== DATA TO USE ==
[Start of section]
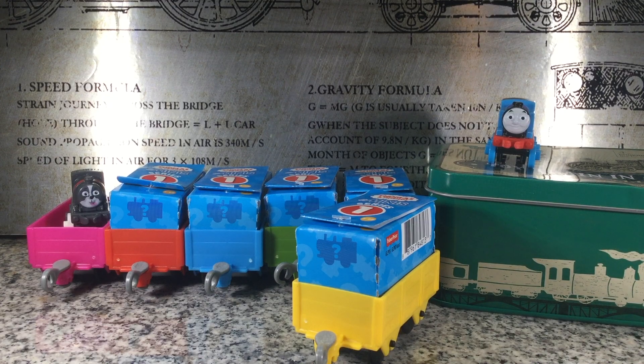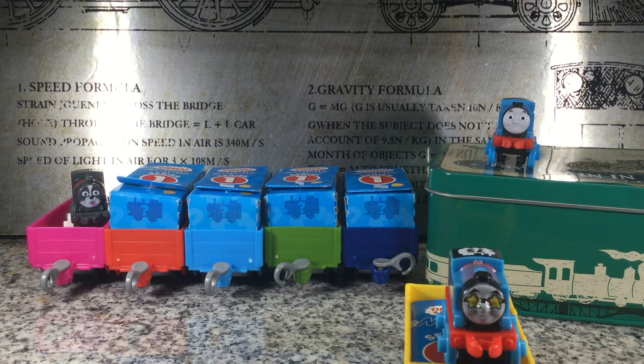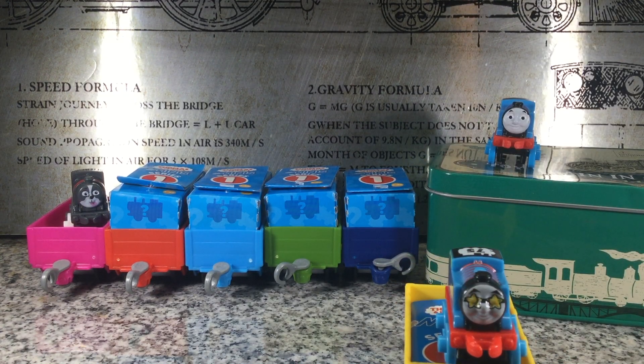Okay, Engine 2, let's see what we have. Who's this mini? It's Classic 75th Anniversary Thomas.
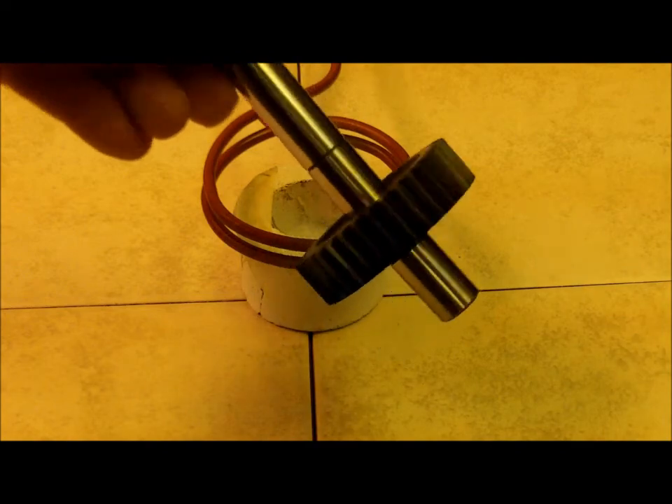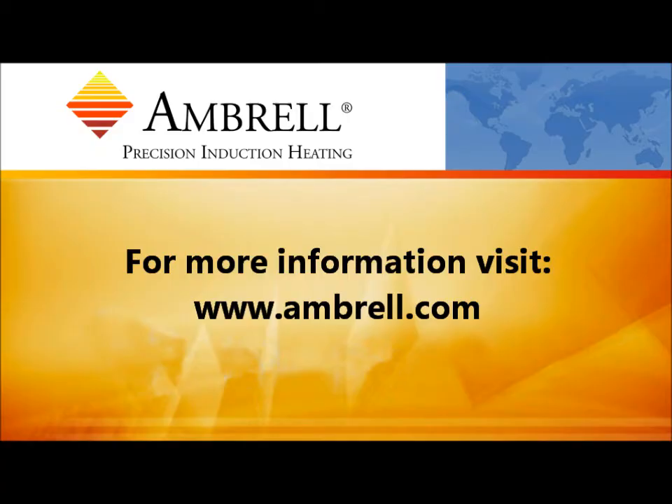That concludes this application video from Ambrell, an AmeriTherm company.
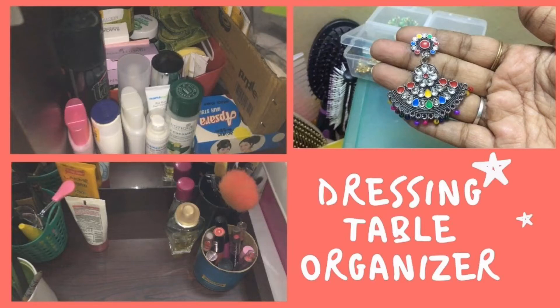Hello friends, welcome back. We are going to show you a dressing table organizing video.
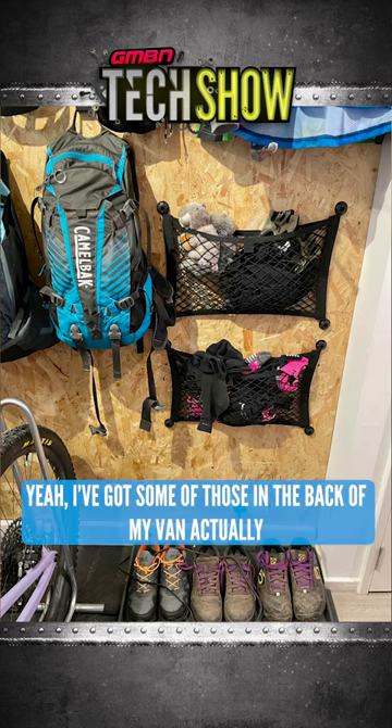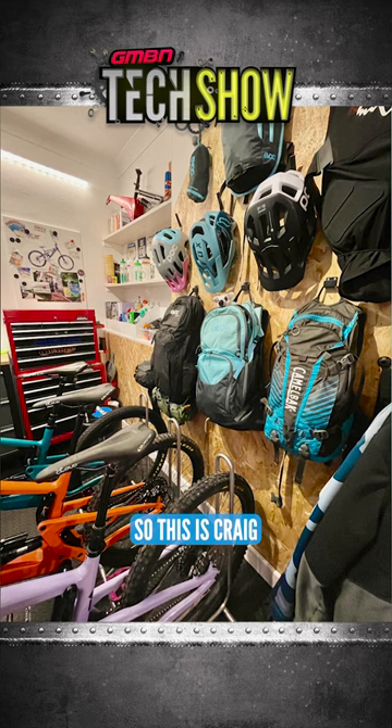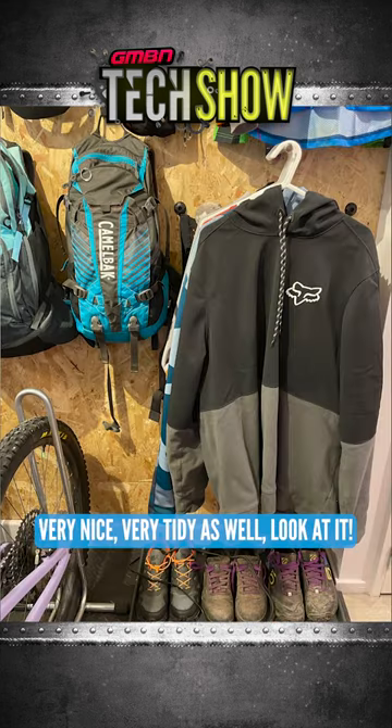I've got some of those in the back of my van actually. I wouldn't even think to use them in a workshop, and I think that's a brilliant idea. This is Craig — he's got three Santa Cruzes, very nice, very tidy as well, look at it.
[End of section]
[Start of section]
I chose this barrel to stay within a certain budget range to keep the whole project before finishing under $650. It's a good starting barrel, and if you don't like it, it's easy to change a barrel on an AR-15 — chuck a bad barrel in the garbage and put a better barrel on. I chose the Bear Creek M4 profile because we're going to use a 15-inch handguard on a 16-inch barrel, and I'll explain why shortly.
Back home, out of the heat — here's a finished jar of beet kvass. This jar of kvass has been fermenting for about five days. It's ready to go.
[End of section]
[Start of section]
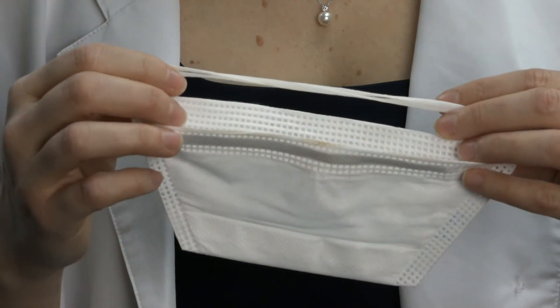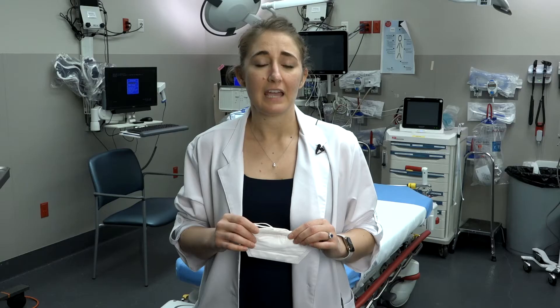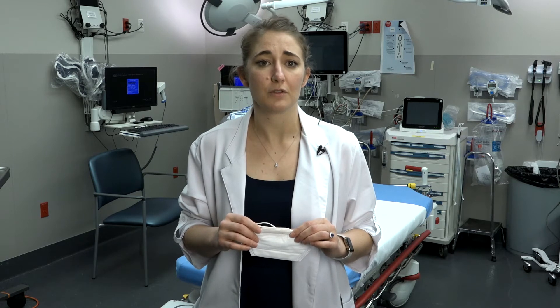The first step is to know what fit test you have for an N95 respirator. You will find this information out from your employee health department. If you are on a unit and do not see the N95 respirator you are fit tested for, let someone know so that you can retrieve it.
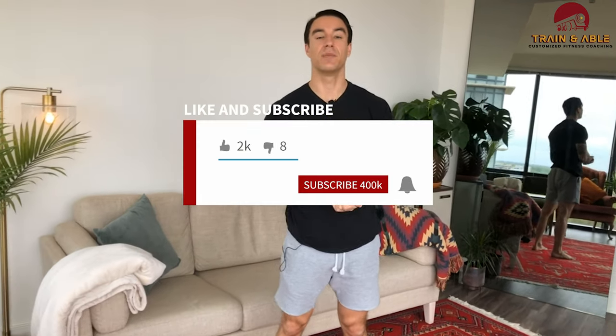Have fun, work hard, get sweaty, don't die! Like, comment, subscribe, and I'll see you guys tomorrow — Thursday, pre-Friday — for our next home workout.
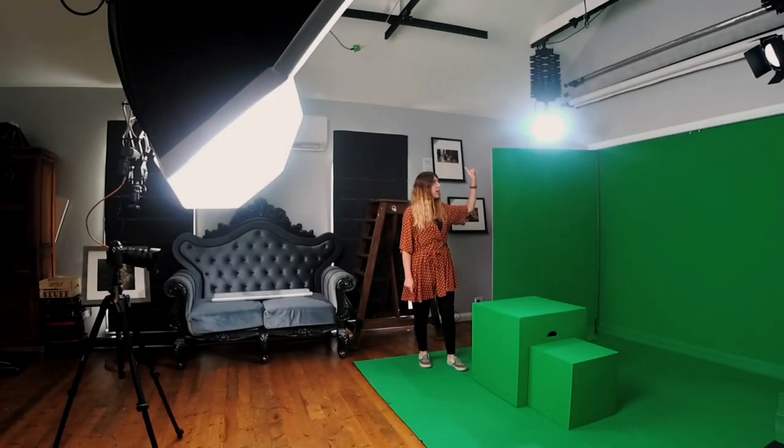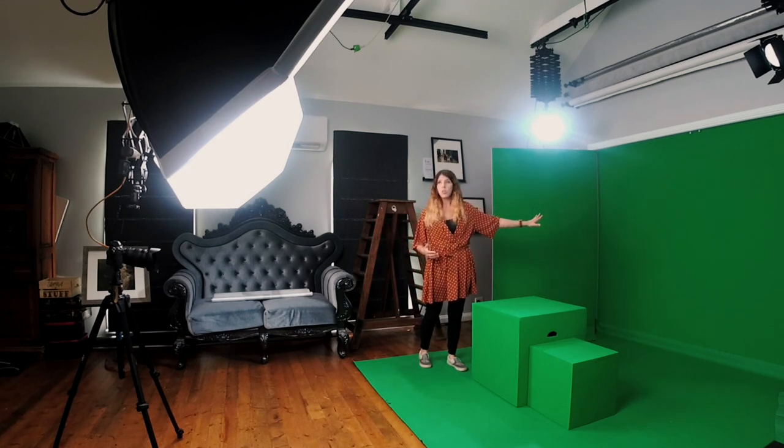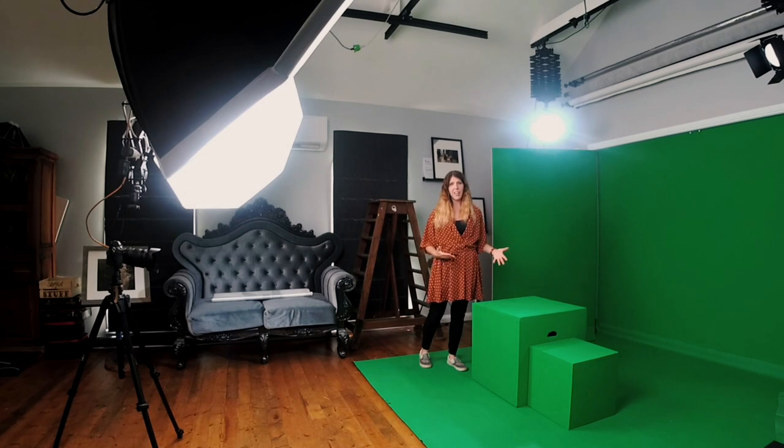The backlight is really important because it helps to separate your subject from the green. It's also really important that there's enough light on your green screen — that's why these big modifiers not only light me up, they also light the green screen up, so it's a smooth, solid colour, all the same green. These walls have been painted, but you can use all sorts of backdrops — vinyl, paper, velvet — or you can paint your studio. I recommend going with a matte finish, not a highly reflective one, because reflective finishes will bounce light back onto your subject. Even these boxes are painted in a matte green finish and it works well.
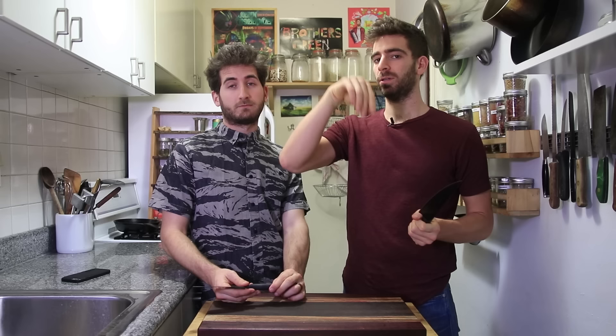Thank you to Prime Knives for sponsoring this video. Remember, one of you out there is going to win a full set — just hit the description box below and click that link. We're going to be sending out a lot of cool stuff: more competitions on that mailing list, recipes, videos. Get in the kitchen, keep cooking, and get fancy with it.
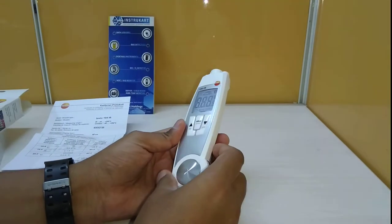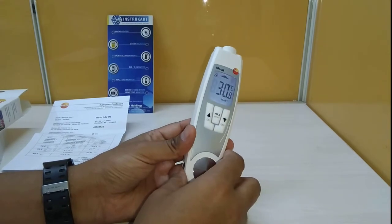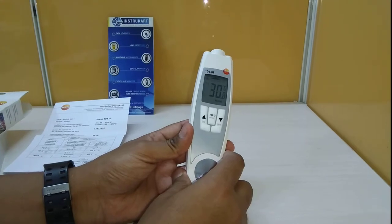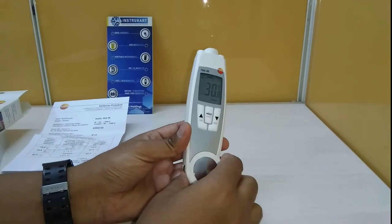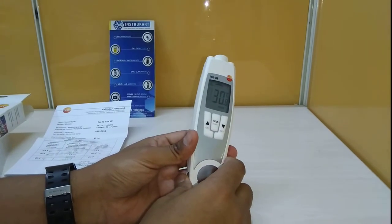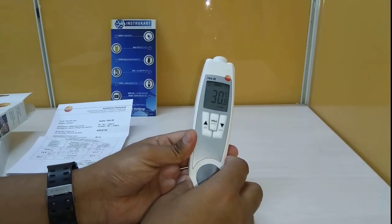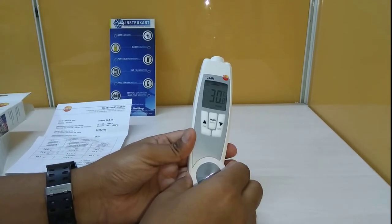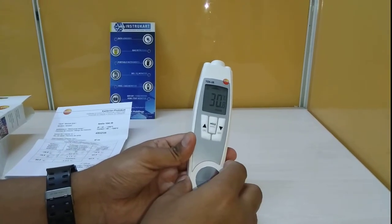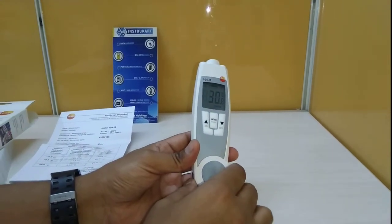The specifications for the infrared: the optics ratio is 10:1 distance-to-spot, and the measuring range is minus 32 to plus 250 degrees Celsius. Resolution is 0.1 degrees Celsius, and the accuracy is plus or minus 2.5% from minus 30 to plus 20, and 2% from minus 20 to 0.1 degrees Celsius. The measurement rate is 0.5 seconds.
[End of section]
== EXERCISE DESCRIPTION ==
Look above for the line with "Okay, Engine 2, let's" and the line with "Hello friends, welcome". Copy them and every line between, exactly, but no pictures.

== RESULT OF THE EXERCISE ==
Okay, Engine 2, let's see what we have. Who's this mini? It's Classic 75th Anniversary Thomas.
That concludes this application video from Ambrell, an AmeriTherm company.
Hello friends, welcome back. We are going to show you a dressing table organizing video.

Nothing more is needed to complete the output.